Wer im Sommer 2020 einen katholischen Gottesdienst in Deutschland besucht, der wird die zahlreichen Corona-Maßnahmen nicht übersehen. Zwar sind diese je nach Diözese und konkreter Handhabung in den einzelnen Kirchengemeinden unterschiedlich, aber ihre Folgen sind massiv: Datenangabe der Gottesdienstbesucher zur Nachverfolgung bei einem möglichen Infektionsfall, Verzicht auf Gotteslob, Weihwasser, Mundkommunion und Friedensgruß. Einteilung der Sitzplätze in den Bänken mit mindestens 1,50 Meter Abstand. Dazu die Kommunionausteilung nur unter besonderen Schutzmaßnahmen. Teilweise gilt eine Maskenpflicht in Gottesdiensten und auf den Gemeindegesang wird vielerorts verzichtet. Zu groß sind die Risiken einer Ansteckung und Verantwortliche fürchten sich davor, dass der Gottesdienst zu einem sogenannten Superspreader-Event wird. In den letzten Wochen wurde immer wieder deutlich, dass Infizierungen keinesfalls vor religiösen Zusammenkünften halt machen.

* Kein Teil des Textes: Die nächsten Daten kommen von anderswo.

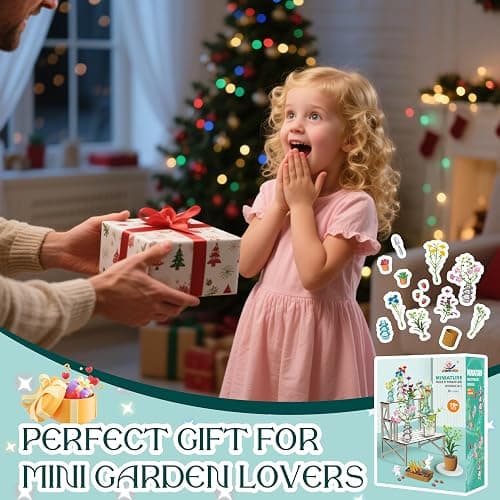 70 Pcs Make It Mini Botanicals Collectibles Playset, Paper Flower Bouquet DIY Crafts, Miniature Garden, Mini Plants, Bonsai, Potted, Succulent, Farm, Wooden Stand for Display, Toy Gift, Age 6+ (Brown) thumbnail 7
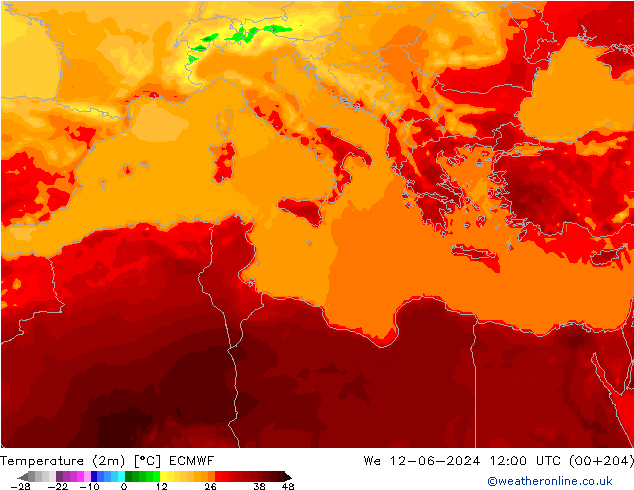 карта температуры ECMWF ср 12.06.2024 12 UTC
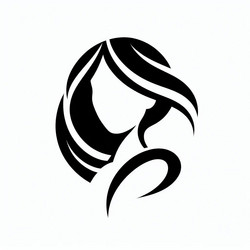 Hair Silhouette - Minimalist Black Vector Image
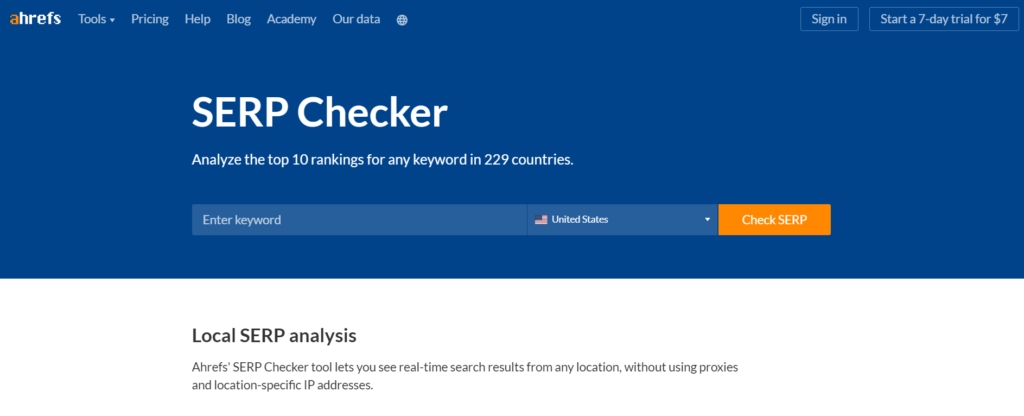 ahrefs-serp-checker-tool-searchbar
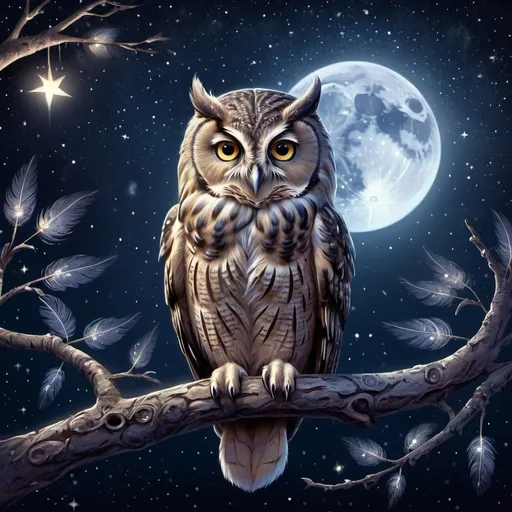 Prompt: Fantasy illustration of a blind owl with starry eyes perched on a moonlit tree branch, magical night sky, detailed feathers with shimmering stars, mystical and enchanting atmosphere, high quality, fantasy, detailed owl, starry eyes, moonlit, magical, enchanting, detailed feathers, mystical atmosphere, nighttime, detailed illustration, professional, atmospheric lighting
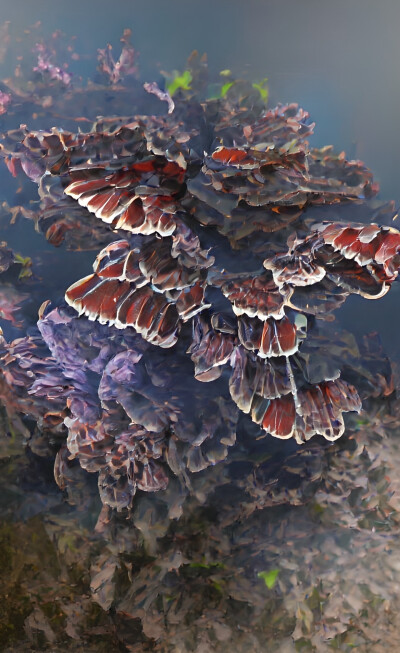 蝴蝶 鲜花 珊瑚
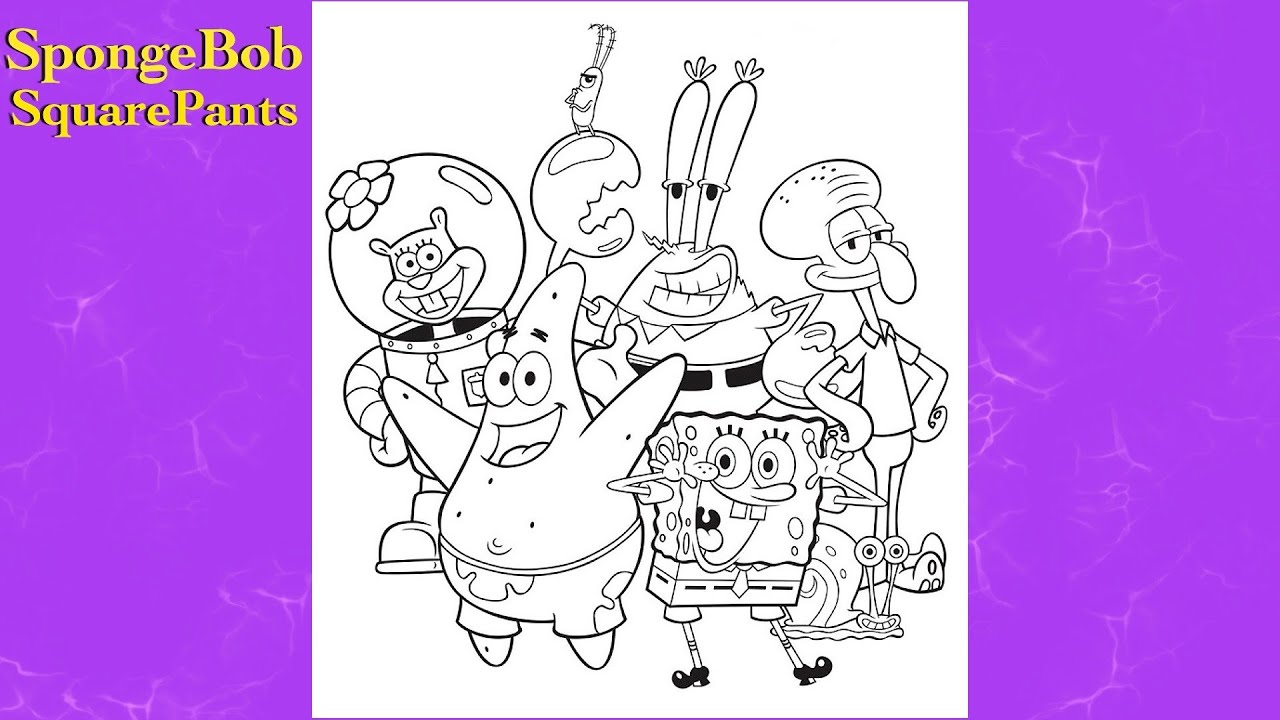 Coloring spongebob squarepants coloring book page color with dona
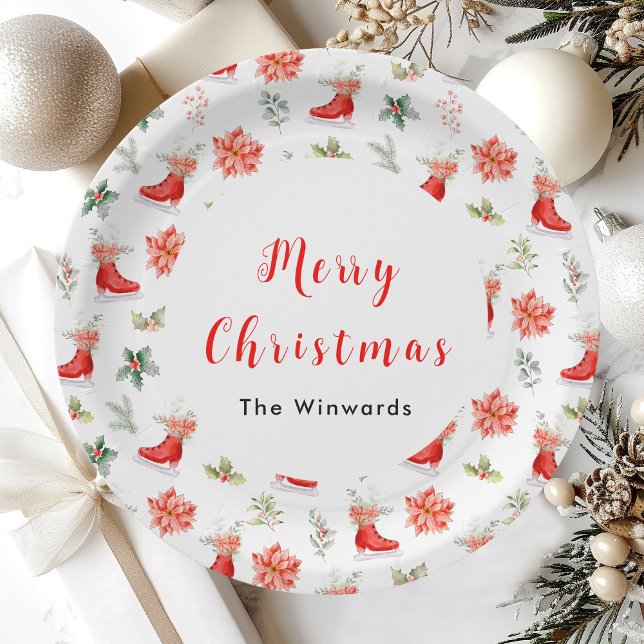 Christmas Floral Red Ice Skates Merry Christmas Paper Plate (Creator Uploaded)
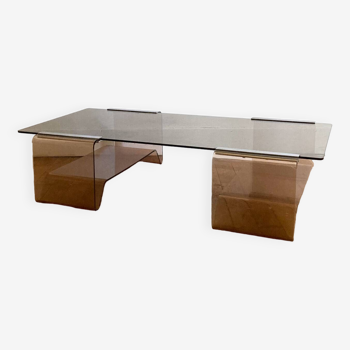 Michel Dumas Plexiglas and glass coffee table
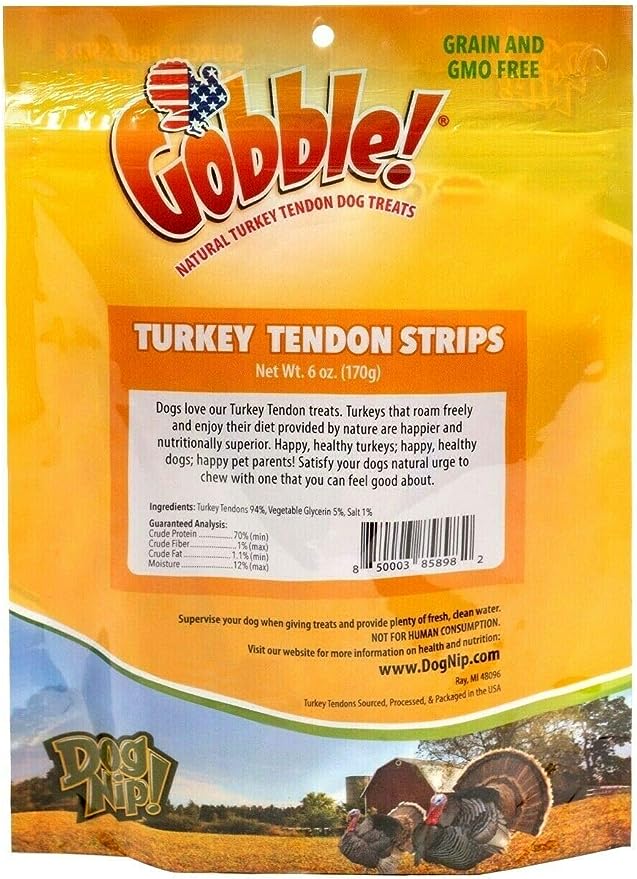 Gobble! 6-Inch Turkey Tendon Strips for Dogs, 6 oz. (170g) Reseal Value Bag, Made in USA, All-Natural Hypoallergenic Dog Chew Treat | Sourced, Processed & Packaged in The USA |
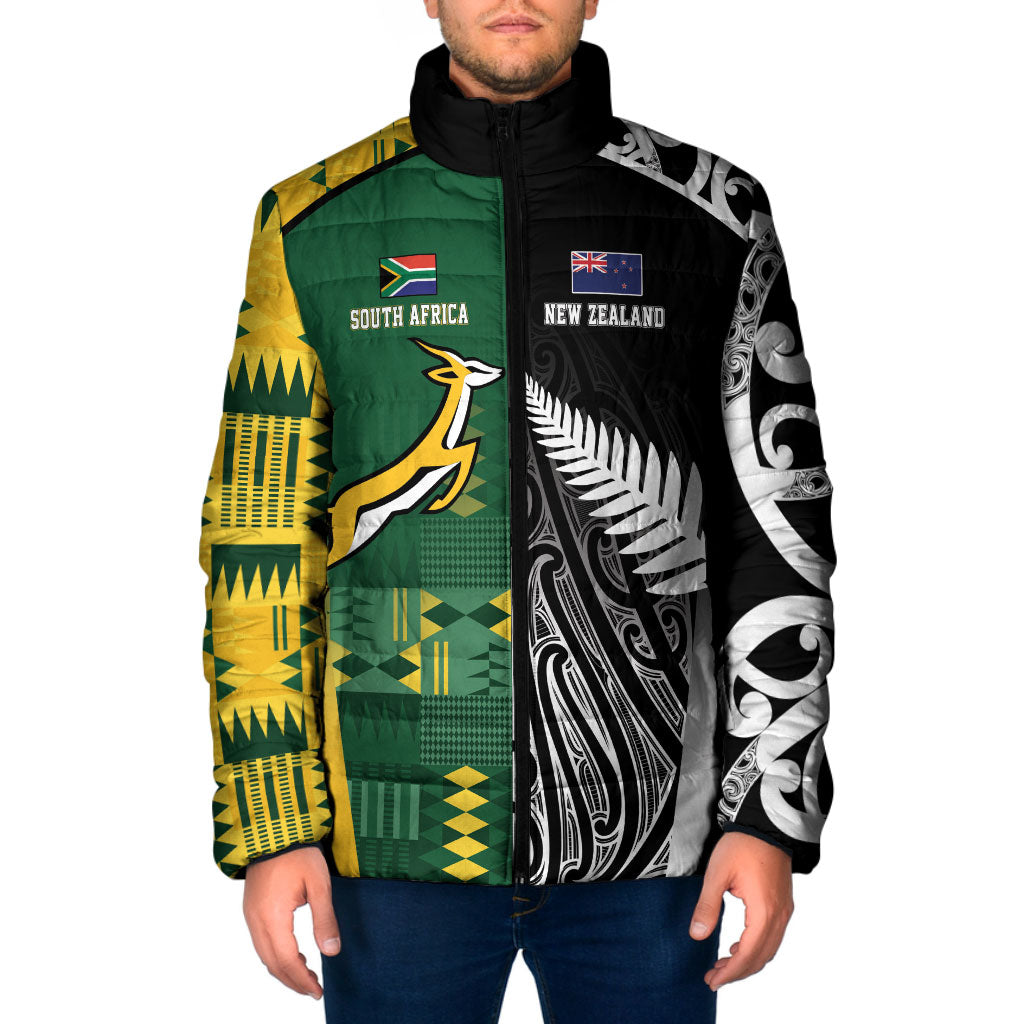 Custom Rugby South Africa New Zealand Greatest Rivals Padded Jacket Tribal Motifs LT7 Men Multicolor - Polynesian Pride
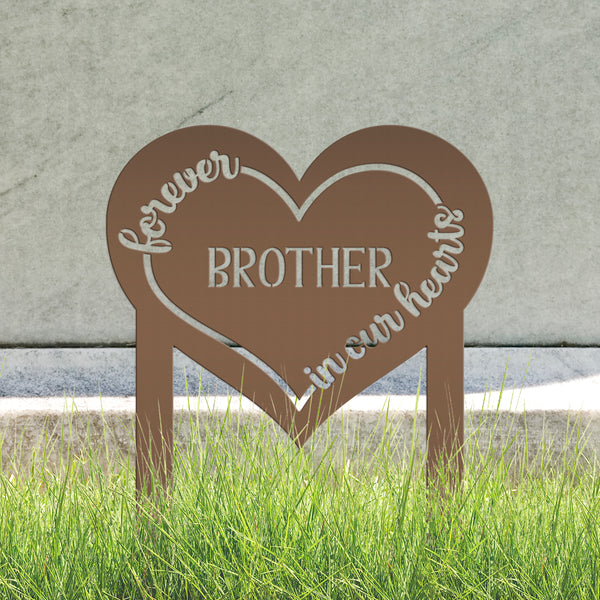 Custom Metal Heart Memorial Yard Stake - Unique Tribute Decor - Forever in our hearts - Personalized Sympathy Gifts - Gravestone Decoration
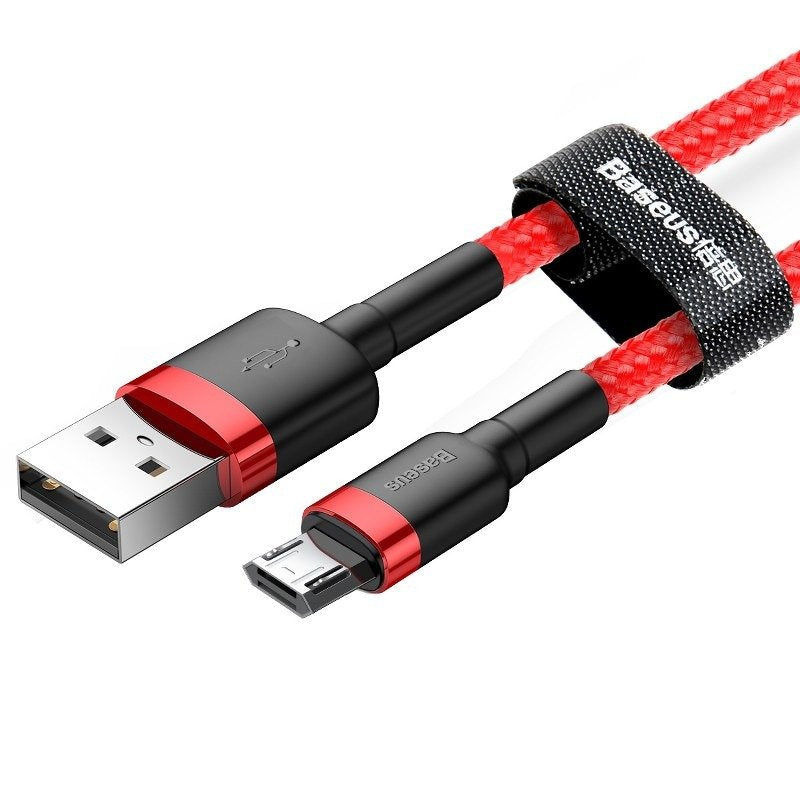 Câble de données et de chargement USB-A - microUSB Baseus Cafule, 18W, 1m, Rouge CAMKLF-B09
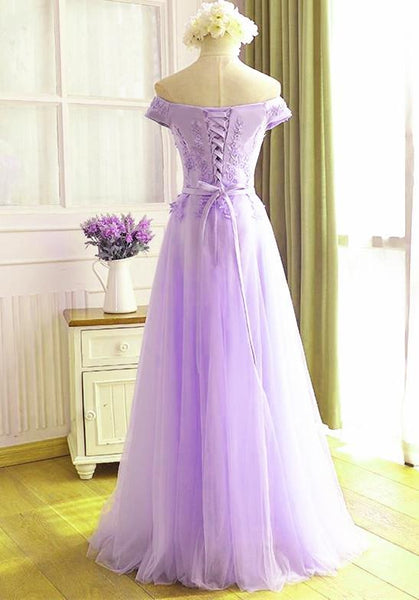 Beautiful A-Line Lavender Tulle Off-The-Shoulder Prom Dress, Evening Dress SJ211041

Gottesdienste (noch) leerer als sonst
Doch eine weitere Folge der Pandemie wird der Gottesdienstbesucher ebenfalls nicht übersehen können: Die Gottesdienste sind (noch) leerer als sonst. In der offiziellen Statisik der Deutschen Bischofskonferenz lag der Gottesdienstbesuch im Jahr 2019 schon nur noch bei 9,1%, eine Zahl, die sich seit Mai, als öffentliche Gottesdienste sukzessiv wieder erlaubt wurden, noch einmal deutlich reduziert haben dürfte. Der Ausblick auf die traditionellerweise großen Gottesdienste an Allerheiligen und Weihnachten bereitet manchem pastoralen Mitarbeiter schon jetzt Kopfzerbrechen, weil sicher keine vollbesetzten Gotteshäuser und festlichen Gottesdienste möglich sein werden.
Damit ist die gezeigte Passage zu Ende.